Por MIGUEZIM DE PRINCESA – Expedita Antoneto, 40 anos, saiu de casa, no Paranoá/DF, para receber o benefício do Programa Bolsa-Família, no valor de R$ 130, e desapareceu. A família, preocupada, acionou o Centro de Atendimento e Despachos da Secretaria de Segurança Pública do Distrito Federal comunicando um possível sequestro, o que levou o delegado da área a acionar uma equipe para monitorar telefones e localizar a vítima.

Depois de cinco horas de trabalho, o sinal do telefone é localizado numa quadra transversal à Rua Alta Tensão, conhecida como a Rua das Quengas, e o suposto cativeiro também é identificado.

Quando os agentes arrombam a porta, deparam com uma cena de arrepiar: Expedita estava deitada numa esteira, com uma garrafa de Cortezano na mão; num canto de parede, dois bêbados com os olhos revirados; e numa cama-patente, com cabeceira de ferro, um anão nu, de pernas abertas, com três pernas abertas, a bem da verdade, dormindo um sono profundo. Doutor Xaropim ainda tentou acordá-lo com três banhos de mangueira, mas não houve jeito.

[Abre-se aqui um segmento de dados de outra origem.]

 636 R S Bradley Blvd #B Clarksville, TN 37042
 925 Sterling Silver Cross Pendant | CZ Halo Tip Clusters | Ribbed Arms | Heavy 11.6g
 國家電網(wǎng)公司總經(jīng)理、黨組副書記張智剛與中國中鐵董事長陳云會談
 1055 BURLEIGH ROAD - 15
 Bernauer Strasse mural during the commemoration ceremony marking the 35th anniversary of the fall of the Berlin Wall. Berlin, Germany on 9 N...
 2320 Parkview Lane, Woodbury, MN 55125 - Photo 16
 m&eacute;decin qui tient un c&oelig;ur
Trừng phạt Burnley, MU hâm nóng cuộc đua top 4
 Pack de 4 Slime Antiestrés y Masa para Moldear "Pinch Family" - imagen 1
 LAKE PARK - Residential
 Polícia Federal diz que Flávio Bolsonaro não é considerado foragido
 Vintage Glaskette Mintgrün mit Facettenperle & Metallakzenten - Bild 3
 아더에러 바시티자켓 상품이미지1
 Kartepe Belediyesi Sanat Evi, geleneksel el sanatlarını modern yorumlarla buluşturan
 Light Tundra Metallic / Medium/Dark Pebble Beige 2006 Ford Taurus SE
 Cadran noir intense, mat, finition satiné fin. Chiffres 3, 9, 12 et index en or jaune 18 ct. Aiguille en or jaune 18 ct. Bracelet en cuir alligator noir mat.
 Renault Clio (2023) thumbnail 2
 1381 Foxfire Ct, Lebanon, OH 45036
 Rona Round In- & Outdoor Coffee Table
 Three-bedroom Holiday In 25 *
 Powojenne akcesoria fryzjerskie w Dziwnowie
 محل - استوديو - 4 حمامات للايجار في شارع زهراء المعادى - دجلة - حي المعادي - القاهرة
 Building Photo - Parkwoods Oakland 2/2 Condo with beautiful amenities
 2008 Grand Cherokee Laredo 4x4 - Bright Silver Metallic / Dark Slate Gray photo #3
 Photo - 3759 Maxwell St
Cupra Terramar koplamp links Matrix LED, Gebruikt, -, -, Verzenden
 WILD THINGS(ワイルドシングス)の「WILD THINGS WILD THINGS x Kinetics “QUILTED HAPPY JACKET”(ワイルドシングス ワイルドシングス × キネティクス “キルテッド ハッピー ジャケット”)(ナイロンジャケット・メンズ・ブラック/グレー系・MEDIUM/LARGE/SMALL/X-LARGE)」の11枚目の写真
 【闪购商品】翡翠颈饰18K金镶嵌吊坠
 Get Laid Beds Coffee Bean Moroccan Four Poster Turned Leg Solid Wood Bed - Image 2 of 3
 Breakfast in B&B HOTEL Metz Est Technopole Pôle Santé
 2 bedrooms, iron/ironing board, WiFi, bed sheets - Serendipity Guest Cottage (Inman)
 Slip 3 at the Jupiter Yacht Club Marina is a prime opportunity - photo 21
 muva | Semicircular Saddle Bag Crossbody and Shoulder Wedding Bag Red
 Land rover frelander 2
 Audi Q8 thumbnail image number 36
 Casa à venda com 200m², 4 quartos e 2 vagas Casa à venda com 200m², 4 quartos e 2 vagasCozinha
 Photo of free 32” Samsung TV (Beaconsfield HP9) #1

O delegado advertiu Expedita, informando-lhe que enviaria um ofício à presidente Dilma Roussef comunicando que ela havia gasto o dinheiro do Bolsa-Família com cachaça e cerveja, além de ter passado a noite dando a um anão.

– Dando não, seu delegado, fazendo amor, que eu sou uma mulher de respeito – retrucou. Depois, saiu da delegacia e foi gastar o restinho do dinheiro no Bar Risca Faca, que ninguém é de ferro.